Biznes tematem kolejnego dodatku do The Sims 2
"Lista najlepiej sprzedajacych sie tytulow w 2006 roku:
1. The Sims 2: Nocne Życie
2. The Sims 2: Koszenie trawnika
3. The Sims 2: Mycie okien
4. The Sims 2: Wycieczka do teatru
5. The Sims 2: Otwieranie butelki piwa..."
Ile jeszcze???
eJay ---> Tylko idiota nie chciałby dalej eksploatować kury znoszącej złote jaja.

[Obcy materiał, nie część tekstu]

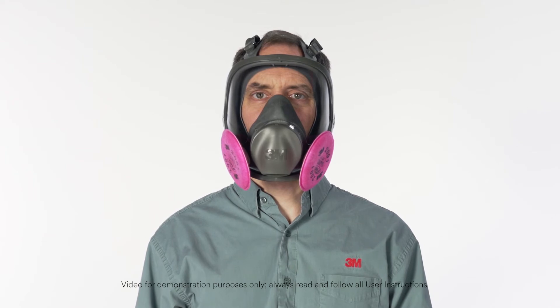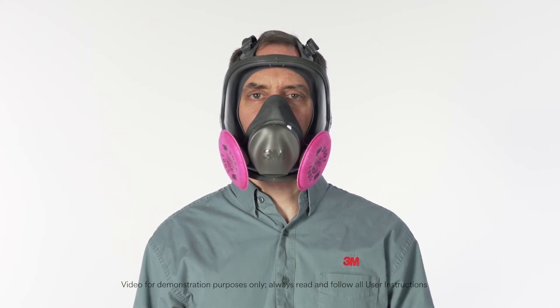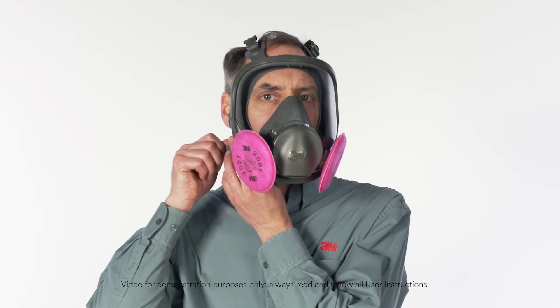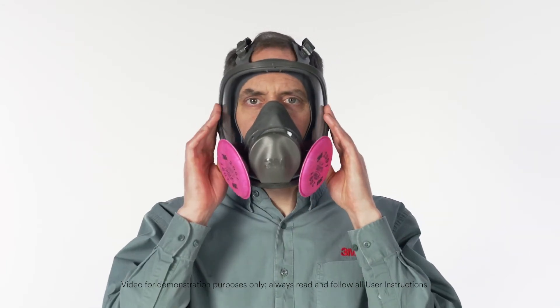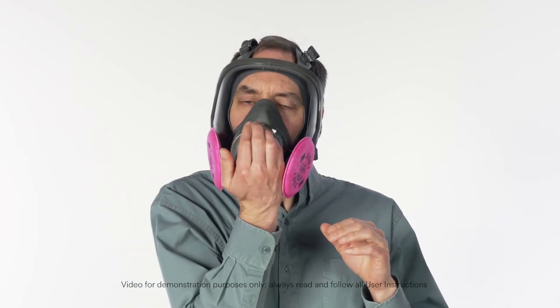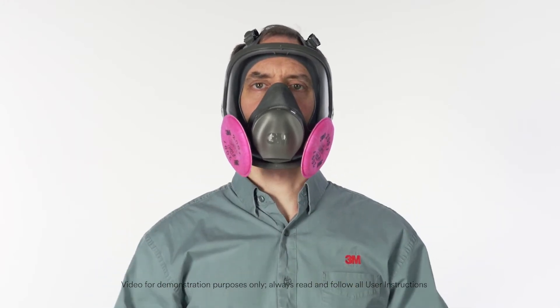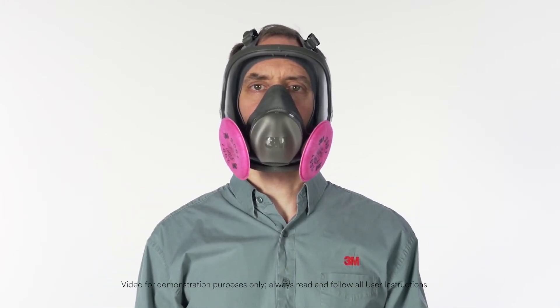A user seal check must be performed every time you put on your respirator. If you detect air leakage when conducting either the positive or negative pressure user seal checks, reposition the respirator on your face or readjust the tension of the straps, then repeat the user seal checks. If you have any difficulty getting the respirator to fit, review the facepiece user instructions or see your supervisor. Never enter a contaminated area if your respirator does not seal properly.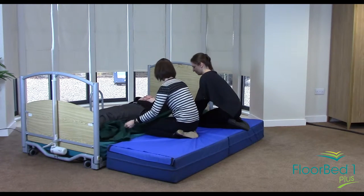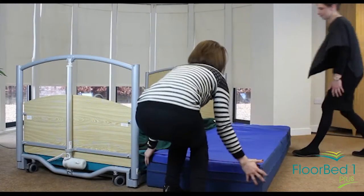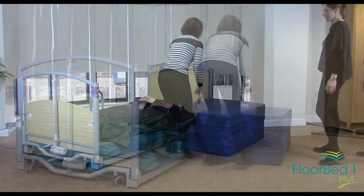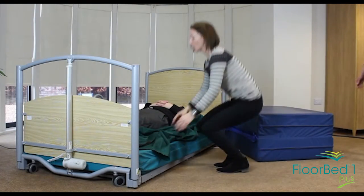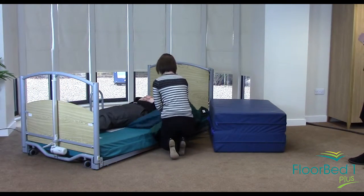The mat is now safely on the bed. What we will do is come off, remove the safety mat if you need to — this can be folded and moved out of the way — and it also allows you good access to then take the sliding sheet out from underneath.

Fani The Sims 2 są zapewne wniebowzięci.
Wypowiedź została zmodyfikowana przez jej autora [2005-09-11 11:30:43]
eJay - > dokładnie, fani się cieszą, a reszta lepiej niech przemilczy, bo to i tak się nie zmieni.
No tak trzeba cały czas tłuc kasę bo fani Sims kupią wszystko co im się podsunie.
U.V. klasyczna już teza mówi - nie ważne co jest rzeczywiście dobre - ważne co ludzie myślą, że jest dobre
Misza---->True:)
UVI---->Simsy nie sa dobra gra, sa gra oryginalną, ale nie dobrą. Znudzila mnie po 20 minutach grania...
Ja tam nigdy za simsami nie przepadałem :). To jest gra dla małych dzieci albo pryszczatych nastolatek :P. Zawsze jak widzę jakąś dziewczynę w empiku i patrze jak przegląda gry zastanawiam sie na co patrzy. Następnie jak podchodze do półki przy której babka stała widze THE SIMS 2 ofkoz :/
eJay -- i tu się z kolei z Tobą nie zgodzę ----> pamiętaj, że zasada, którą przytoczyłem powyżej nie jest jedyną zasadą marketingu, co więcej - żadna z zasad nie jest tak do końca ostateczna i niepodważalna... (zbyt dużo zależy od ogromnej liczby czynników zewnętrznych... Tym samym powstrzymałbym się od formułowania opinii dobra/zła
A dlaczego Ci się znudziła? proste --> istnieje duże prawdopodobieństwo, że nie należych do grupy docelowej (lub grup...) do których była ona skierowana...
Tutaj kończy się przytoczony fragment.